On November 7, 1923, Lieutenant Commander Hunter, skipper of the Delphy and self-proclaimed navigator on September 8, 1923, testified at his trial by General Courts-martial concerning the navigational situation.
16. Q. If you have any other statement to make to the court relative to navigational work of the Delphy, please make it now.?
A. I believe that the contributory factors to the loss of the Delphy were unusual and abnormal currents which could not be anticipated with the weather conditions as they were, and to the fact that a very thick fog extended not more than 500 yards from the coast line, when the visibility at the time of the change of course was a good two miles, which prevented us from seeing the danger and taking steps to avoid it.[x]
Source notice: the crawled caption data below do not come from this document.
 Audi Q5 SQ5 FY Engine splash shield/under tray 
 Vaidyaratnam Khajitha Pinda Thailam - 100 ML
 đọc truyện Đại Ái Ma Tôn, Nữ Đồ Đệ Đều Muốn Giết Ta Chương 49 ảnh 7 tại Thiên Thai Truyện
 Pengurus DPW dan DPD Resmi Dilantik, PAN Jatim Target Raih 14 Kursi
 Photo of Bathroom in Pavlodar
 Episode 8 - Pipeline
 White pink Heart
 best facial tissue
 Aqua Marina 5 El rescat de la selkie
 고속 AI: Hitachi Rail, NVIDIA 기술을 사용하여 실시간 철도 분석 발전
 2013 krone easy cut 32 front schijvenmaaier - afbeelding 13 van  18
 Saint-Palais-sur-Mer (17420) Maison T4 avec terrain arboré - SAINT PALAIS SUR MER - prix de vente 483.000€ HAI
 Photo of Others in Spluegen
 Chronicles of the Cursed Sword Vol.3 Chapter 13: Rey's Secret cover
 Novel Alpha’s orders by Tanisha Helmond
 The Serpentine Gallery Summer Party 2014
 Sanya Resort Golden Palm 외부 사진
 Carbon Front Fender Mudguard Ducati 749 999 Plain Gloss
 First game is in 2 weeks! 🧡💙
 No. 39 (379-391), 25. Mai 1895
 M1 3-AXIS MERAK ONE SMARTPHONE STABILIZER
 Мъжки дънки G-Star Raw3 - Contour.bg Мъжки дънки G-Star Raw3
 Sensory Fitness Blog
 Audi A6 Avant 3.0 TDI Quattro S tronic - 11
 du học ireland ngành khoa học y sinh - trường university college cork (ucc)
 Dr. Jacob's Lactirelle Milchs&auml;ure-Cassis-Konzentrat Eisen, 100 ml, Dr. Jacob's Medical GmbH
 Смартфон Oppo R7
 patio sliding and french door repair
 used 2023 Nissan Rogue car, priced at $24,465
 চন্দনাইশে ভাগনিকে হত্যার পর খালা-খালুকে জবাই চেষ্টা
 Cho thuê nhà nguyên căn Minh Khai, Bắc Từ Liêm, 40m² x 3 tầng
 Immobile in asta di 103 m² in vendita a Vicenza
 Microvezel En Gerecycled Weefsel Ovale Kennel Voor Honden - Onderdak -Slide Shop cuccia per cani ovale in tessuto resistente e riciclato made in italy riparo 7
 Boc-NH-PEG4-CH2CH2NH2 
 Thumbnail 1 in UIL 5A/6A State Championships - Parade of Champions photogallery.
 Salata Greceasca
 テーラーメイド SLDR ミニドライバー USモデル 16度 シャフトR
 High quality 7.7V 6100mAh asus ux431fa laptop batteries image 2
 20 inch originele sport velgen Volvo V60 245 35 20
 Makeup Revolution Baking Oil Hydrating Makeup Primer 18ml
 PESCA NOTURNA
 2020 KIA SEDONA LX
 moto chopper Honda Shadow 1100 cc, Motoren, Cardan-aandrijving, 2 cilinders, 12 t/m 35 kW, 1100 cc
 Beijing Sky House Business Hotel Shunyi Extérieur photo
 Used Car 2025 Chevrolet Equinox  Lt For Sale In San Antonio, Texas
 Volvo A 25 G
Lieutenant Commander Hunter taught navigation for two years at the Naval Academy prior to assuming command of the Delphy. On September 8, 1923, he navigated the Delphy by dead reckoning because he did not trust the radio compass signals sent to the Delphy from the station at Point Arguello. Several of the radio signals indicated that the Delphy was heading directly toward the station, although, the dead reckoning position showed the Delphy in safe waters.
Whether the oceanic changes on this side are the direct result of the upheaval in Japan, or whether they are due to a secondary disturbance in the bed of the ocean a comparatively few miles off the California coast, is yet unknown. Whether the bed of the ocean here has changed is also a matter of conjecture, and will be until new soundings can be made throughout the area of disturbance.
Originally posted by Erongaricuaro
Thanks OP. A major incident in US Naval history, worst peacetime disaster. I read the book Tragedy at Honda about this event many years ago, 9 destroyers ran aground and 7 remain on those rocks. If you visit Jalama beach near that area the shop in there has a number of photos of those ships, perhaps some that you display in your post came from their collection. It is often pea-soup fog there.
On one particular visit I recall walking along the beach with a friend on a similarly foggy day. We could not see each other nor our own feet. Our voices were booming, talking as we were walking astride of each other, but otherwise had no visual point of reference. It was a wonder we did not get disoriented and lost ourselves during that stroll.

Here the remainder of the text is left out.